The Baltimore String Quartet

Notes by Dennis Bartel

SAMUEL BARBER

b. West Chester, Pennsylvania, 9 March 1910
d. New York, New York, 23 January 1981

STRING QUARTET IN B MINOR, OP.11 (1936)

[ SAMUEL BARBER ]By now, the second movement Adagio of this quartet has become a work of great American pathos. In its orchestral form (transcribed by the composer) the Adagio for Strings was the first American composition to be played by Toscanini and the NBC Symphony. It was performed at Franklin Delano Roosevelt’s funeral. The essential American qualities found in the Adagio are akin to those in Edward Hopper’s paintings and Robert Frost’s poetry. It is no more complex than the hard blue sky of Kansas. A single theme begins in the first violin and is taken up by the other strings. The climax is searing. The theme returns, and the Adagio is resolved. As simple and perfect as that.

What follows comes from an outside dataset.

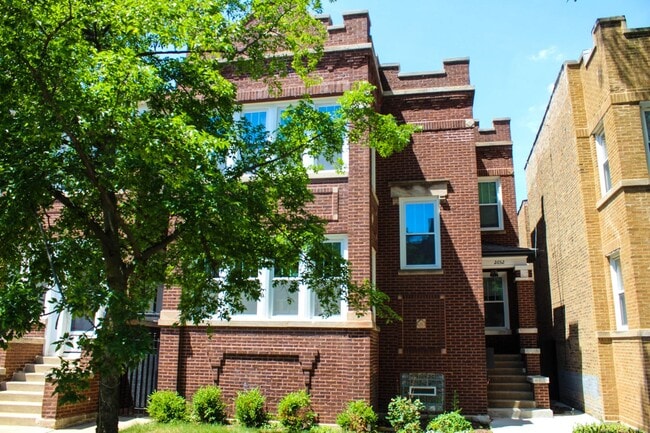 property at 2652 N Harding Ave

The Adagio’s emotional directness might be said to overwhelm the rest of the quartet, but the first movement, Molto allegro e appassionato, also commands our attention., Its language is the rhetoric of the highly schooled, and its authority comes from sturdy Germanic ponderosity. The final part of the second movement, Molto allegro, is a succinct reintroduction of first movement material, bracing us in the aftermath of the Adagio.

And what of the composer, Barber? Shall we presume from his lifelong self-effacement the composer might have preferred to be inconspicuous when his music was performed? Perhaps it is enough to say Samuel Barber received nearly every major award Americans give to encourage, support and honor native musicians. When he wrote Op.11 in the late summer and early fall of 1936, Barber was in Austria on a Pulitzer Traveling Scholarship.